A sharp crack pierces the brisk autumn air. The harsh cries of many men resound through the forest, the barking of dogs, another sharp crack in the distance then loud cheers. The serenity of the countryside in Italy changes this time of the year when dedicated hunters follow a centuries old tradition spending a healthy day in the country to hunt the wild boar. Seeing and savoring Italy during this time of the year is invigorating. The deep colors of the autumn landscape open the estates and reserved hunting areas in Tuscany and Umbria for organized wild boar hunting. An ancient sport, the boar hunt in Italy goes back to Roman times where the fierceness and strength of the boar made it a worthy opponent. Images of wild boars, alone or as part of a hunting scene have been discovered decorating a wide range of historical objects. There is a marble statue of a wild boar made by Florentine sculptor Pietro Tacca (1577-1640) that sits in the Uffizi in Florence as testimony to its hallowed position.
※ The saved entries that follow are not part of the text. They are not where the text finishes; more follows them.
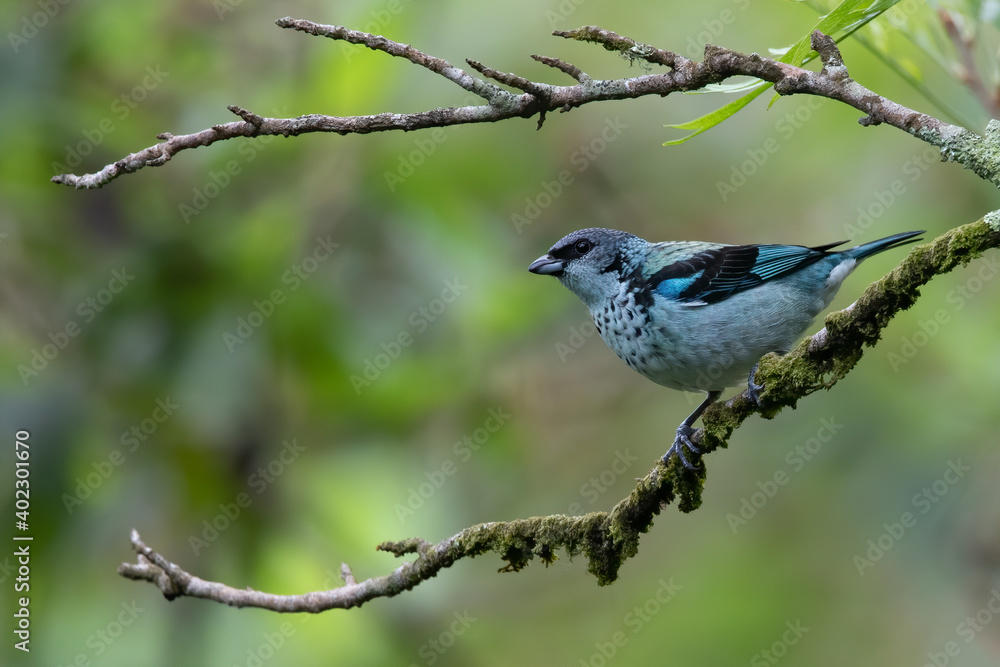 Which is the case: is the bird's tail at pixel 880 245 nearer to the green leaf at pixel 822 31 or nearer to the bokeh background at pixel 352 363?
the bokeh background at pixel 352 363

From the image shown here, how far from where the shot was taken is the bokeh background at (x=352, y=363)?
495cm

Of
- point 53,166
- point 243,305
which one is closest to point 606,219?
point 243,305

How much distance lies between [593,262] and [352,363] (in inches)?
58.1

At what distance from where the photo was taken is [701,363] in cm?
407

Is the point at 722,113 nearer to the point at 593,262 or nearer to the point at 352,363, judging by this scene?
the point at 593,262

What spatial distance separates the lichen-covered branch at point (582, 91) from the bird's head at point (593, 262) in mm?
2311

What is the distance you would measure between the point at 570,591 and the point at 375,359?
95.8 inches

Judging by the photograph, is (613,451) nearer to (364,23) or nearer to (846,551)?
(846,551)

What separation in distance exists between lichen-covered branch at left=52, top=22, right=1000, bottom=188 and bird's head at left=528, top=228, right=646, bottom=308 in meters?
2.31

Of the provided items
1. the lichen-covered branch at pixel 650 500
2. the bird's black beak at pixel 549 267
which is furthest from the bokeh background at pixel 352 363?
the lichen-covered branch at pixel 650 500

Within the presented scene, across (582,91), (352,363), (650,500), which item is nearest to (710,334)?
(650,500)

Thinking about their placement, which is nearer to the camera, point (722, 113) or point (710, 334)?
point (722, 113)

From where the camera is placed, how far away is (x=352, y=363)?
16.9 feet

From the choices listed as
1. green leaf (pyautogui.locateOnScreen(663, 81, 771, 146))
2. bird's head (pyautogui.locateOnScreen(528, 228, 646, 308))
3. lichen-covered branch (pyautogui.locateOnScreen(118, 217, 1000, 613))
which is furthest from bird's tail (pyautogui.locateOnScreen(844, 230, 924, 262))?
green leaf (pyautogui.locateOnScreen(663, 81, 771, 146)) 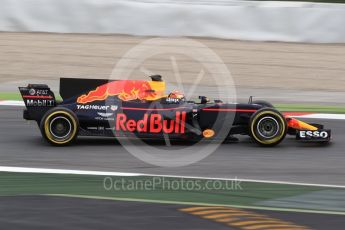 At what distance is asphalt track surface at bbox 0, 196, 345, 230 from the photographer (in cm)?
666

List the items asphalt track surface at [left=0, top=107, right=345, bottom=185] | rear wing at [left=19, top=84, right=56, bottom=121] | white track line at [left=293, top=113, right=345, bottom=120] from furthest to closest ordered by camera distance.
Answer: white track line at [left=293, top=113, right=345, bottom=120] < rear wing at [left=19, top=84, right=56, bottom=121] < asphalt track surface at [left=0, top=107, right=345, bottom=185]

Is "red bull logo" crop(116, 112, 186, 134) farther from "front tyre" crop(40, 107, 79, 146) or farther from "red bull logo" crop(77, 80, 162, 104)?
"front tyre" crop(40, 107, 79, 146)

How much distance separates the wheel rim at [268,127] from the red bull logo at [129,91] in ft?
4.93

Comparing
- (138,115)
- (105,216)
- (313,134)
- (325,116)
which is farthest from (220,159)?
(325,116)

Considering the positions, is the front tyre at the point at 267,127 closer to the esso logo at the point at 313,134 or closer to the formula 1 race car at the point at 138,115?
the formula 1 race car at the point at 138,115

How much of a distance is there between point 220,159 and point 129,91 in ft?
5.59

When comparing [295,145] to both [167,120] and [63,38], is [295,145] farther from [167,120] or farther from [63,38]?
[63,38]

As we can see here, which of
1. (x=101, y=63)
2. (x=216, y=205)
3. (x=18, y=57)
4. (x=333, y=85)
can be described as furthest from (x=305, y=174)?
(x=18, y=57)

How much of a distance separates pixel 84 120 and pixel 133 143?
0.80 m

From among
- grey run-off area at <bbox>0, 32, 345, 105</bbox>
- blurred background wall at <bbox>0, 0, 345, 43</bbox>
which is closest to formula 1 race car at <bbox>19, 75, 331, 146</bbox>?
grey run-off area at <bbox>0, 32, 345, 105</bbox>

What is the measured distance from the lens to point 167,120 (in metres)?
10.9

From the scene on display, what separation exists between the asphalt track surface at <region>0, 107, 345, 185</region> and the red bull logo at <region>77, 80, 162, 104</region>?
747 millimetres

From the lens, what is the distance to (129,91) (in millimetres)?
10945

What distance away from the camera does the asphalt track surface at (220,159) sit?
9523 mm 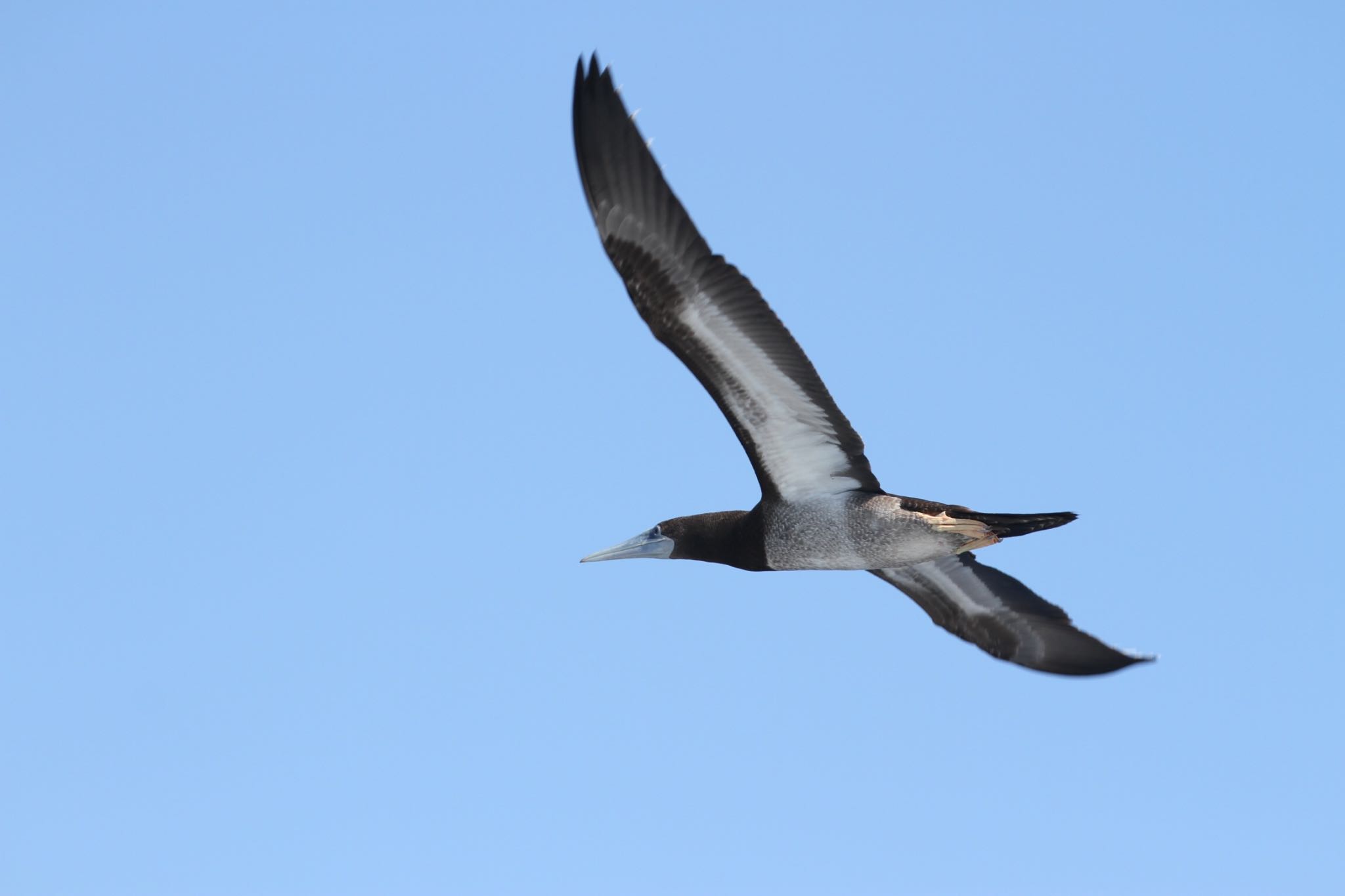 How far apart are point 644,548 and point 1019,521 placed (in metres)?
4.00

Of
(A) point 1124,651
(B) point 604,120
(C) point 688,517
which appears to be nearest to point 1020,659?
(A) point 1124,651

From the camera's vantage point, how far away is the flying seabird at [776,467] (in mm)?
11195

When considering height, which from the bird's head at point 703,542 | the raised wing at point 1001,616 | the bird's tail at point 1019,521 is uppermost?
the bird's head at point 703,542

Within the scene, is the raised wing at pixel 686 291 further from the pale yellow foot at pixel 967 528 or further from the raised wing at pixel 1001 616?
the raised wing at pixel 1001 616

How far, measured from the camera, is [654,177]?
36.3ft

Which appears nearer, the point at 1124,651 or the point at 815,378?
the point at 815,378

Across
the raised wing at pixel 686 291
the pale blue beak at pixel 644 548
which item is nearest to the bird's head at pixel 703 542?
the pale blue beak at pixel 644 548

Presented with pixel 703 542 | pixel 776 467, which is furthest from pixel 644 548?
pixel 776 467

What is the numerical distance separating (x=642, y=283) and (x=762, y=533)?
3080 mm

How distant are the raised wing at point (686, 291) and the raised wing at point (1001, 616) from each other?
2.64m

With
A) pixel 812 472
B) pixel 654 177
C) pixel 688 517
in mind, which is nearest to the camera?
pixel 654 177

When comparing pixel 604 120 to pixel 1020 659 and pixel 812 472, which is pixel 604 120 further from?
pixel 1020 659

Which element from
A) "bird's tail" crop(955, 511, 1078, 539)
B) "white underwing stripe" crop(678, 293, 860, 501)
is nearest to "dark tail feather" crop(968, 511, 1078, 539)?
"bird's tail" crop(955, 511, 1078, 539)

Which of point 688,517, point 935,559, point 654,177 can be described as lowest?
point 935,559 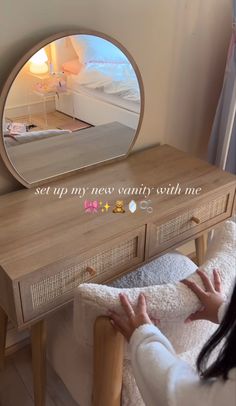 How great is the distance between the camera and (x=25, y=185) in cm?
121

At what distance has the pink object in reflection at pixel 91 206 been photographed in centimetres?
112

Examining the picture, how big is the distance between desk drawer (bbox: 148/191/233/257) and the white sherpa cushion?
0.28 m

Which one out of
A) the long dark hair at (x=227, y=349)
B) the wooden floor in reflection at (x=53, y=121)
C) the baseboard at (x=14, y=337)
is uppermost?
the wooden floor in reflection at (x=53, y=121)

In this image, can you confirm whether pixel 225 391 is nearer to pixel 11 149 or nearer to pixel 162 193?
pixel 162 193

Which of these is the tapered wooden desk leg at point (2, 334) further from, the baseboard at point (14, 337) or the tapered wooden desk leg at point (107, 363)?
the tapered wooden desk leg at point (107, 363)

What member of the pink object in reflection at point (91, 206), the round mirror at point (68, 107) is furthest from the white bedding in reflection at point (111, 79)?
the pink object in reflection at point (91, 206)

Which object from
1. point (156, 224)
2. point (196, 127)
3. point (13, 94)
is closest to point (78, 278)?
point (156, 224)

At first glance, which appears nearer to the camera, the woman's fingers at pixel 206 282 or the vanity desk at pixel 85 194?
the woman's fingers at pixel 206 282

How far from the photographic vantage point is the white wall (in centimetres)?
108

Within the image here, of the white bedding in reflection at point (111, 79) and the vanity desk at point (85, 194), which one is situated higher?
the white bedding in reflection at point (111, 79)

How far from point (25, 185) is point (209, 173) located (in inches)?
24.4

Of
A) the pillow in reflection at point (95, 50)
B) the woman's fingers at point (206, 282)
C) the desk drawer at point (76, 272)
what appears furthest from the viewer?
the pillow in reflection at point (95, 50)

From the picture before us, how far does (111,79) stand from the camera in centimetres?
130

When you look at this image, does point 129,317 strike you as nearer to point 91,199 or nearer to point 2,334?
point 91,199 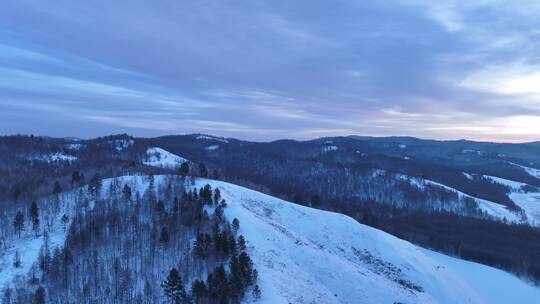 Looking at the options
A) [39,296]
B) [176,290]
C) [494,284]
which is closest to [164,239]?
[176,290]

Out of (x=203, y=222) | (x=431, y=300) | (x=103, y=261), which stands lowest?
(x=431, y=300)

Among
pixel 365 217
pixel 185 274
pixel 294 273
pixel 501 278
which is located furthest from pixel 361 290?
pixel 365 217

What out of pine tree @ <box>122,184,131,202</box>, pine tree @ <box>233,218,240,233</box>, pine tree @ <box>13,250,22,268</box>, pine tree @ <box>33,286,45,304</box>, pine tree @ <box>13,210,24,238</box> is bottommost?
pine tree @ <box>33,286,45,304</box>

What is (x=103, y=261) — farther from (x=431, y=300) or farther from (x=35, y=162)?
(x=35, y=162)

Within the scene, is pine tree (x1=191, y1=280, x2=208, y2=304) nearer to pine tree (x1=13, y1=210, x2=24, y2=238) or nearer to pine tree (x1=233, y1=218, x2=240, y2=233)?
pine tree (x1=233, y1=218, x2=240, y2=233)

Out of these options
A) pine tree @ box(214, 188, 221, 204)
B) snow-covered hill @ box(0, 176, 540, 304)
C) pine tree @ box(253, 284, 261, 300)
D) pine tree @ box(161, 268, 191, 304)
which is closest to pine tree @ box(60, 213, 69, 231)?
snow-covered hill @ box(0, 176, 540, 304)

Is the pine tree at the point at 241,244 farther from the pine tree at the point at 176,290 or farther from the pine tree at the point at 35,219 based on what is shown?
the pine tree at the point at 35,219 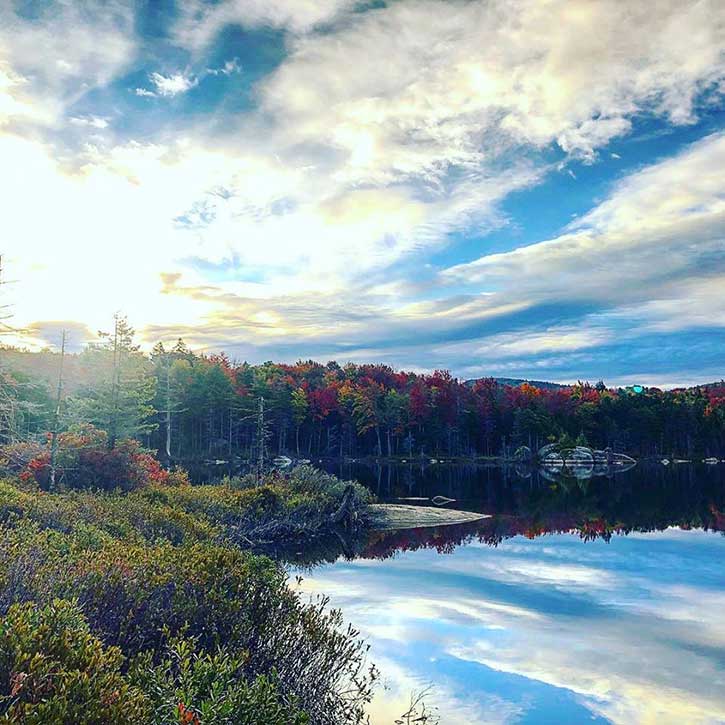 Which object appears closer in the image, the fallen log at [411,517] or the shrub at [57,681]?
the shrub at [57,681]

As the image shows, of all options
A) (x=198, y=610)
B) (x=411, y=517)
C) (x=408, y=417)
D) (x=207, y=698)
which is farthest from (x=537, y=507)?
(x=408, y=417)

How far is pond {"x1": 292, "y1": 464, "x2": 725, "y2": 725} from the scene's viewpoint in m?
12.1

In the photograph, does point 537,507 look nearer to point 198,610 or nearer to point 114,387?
point 114,387

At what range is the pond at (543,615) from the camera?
12062mm

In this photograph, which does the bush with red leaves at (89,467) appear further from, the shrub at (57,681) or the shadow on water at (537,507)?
the shrub at (57,681)

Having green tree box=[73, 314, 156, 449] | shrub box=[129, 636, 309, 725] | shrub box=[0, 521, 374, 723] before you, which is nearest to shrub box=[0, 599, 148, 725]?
shrub box=[129, 636, 309, 725]

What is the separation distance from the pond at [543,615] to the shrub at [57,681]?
20.7ft

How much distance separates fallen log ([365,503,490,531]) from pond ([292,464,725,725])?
163cm

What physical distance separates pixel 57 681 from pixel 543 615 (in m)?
15.4

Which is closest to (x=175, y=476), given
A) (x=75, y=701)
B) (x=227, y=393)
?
(x=75, y=701)

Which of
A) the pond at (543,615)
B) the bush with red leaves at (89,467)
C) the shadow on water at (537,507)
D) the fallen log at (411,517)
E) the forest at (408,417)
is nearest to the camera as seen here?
the pond at (543,615)

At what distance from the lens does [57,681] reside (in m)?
5.64

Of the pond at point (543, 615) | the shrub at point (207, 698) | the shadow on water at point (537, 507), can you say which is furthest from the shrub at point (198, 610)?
the shadow on water at point (537, 507)

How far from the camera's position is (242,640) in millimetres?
9812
The Italian love of wild game and their preference for rustic cooking makes cinghiale (wild boar) a popular dish throughout the region. In fact, cinghiale is so popular in Tuscany that it is considered by some to be (unofficially) the national dish. Eating cinghiale follows a food tradition of a time when hunters (cacciatore) went into the chestnut forests and mountains to hunt the wild boar and bring it home to feed their families. Wild boars still roam the forests and vineyards and in autumn local hunting clubs continue the hunt. I have driven through Tuscany and Umbria during this time of the year and heard the sounds of hunters shooting in the distance. It was unusual at first to be so close to the origin of the food we find on our tables. In the US we are removed from the process of providing food and the thought of hunting as a source of protein seems archaic and unnecessary. Yet hunting in Italy, as in most of Europe, follows an ancient tradition and the seasonal sport of hunting is not considered to be politically incorrect or inhumane.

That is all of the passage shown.